======== SOURCE DATA

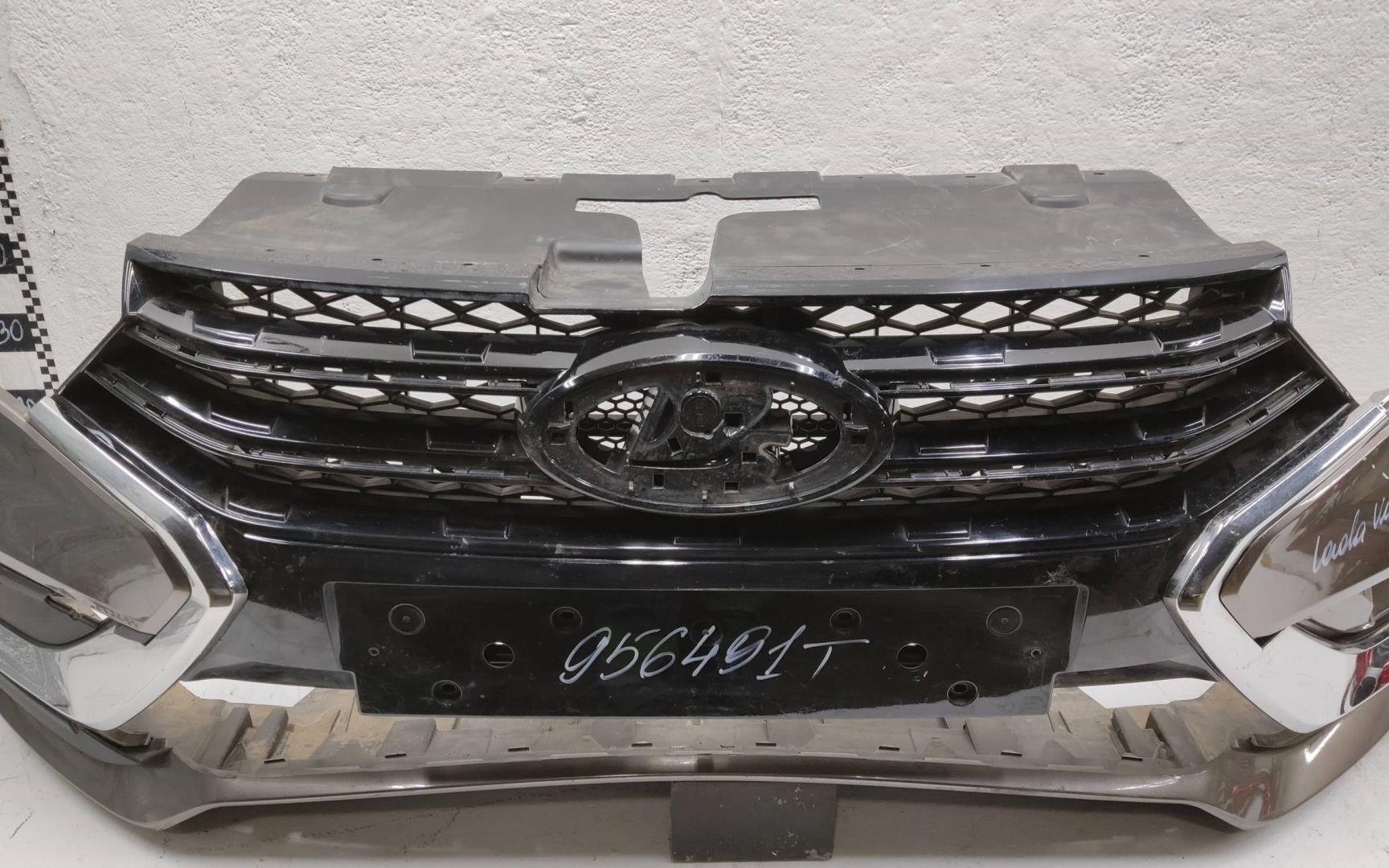 Бампер передний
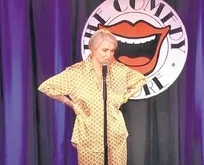 Komedi sahnesinden karakola! İngiliz komedyen Cerys Nelmes hakkında hırsızlık iddiası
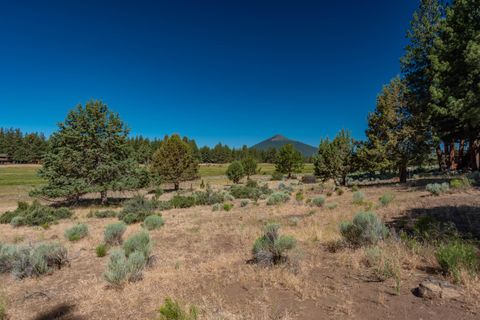 Tiny photo for 69947 Meadow View Road, Sisters, OR 97759 (MLS # 220213100)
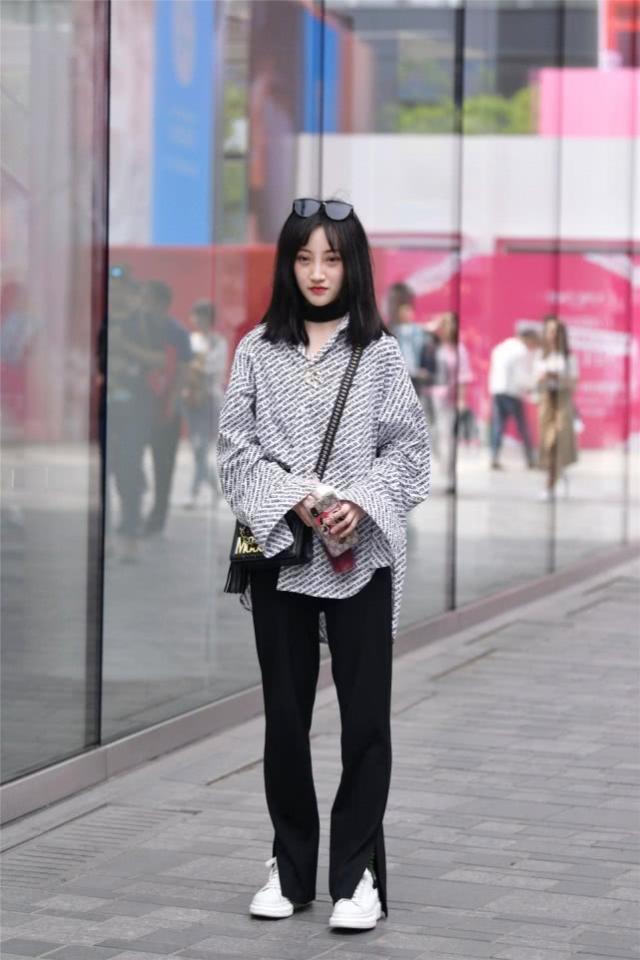 街拍:小姐姐青春靓丽时尚大气,背心搭配阔腿裤,让人看起来很有内涵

================

→ **INSTRUCTIONS TO FOLLOW**
I would like the data copied exactly as it stands, with no pictures included.

→ **EXPECTED ANSWER**
 Бампер передний
 Komedi sahnesinden karakola! İngiliz komedyen Cerys Nelmes hakkında hırsızlık iddiası
 Tiny photo for 69947 Meadow View Road, Sisters, OR 97759 (MLS # 220213100)
 街拍:小姐姐青春靓丽时尚大气,背心搭配阔腿裤,让人看起来很有内涵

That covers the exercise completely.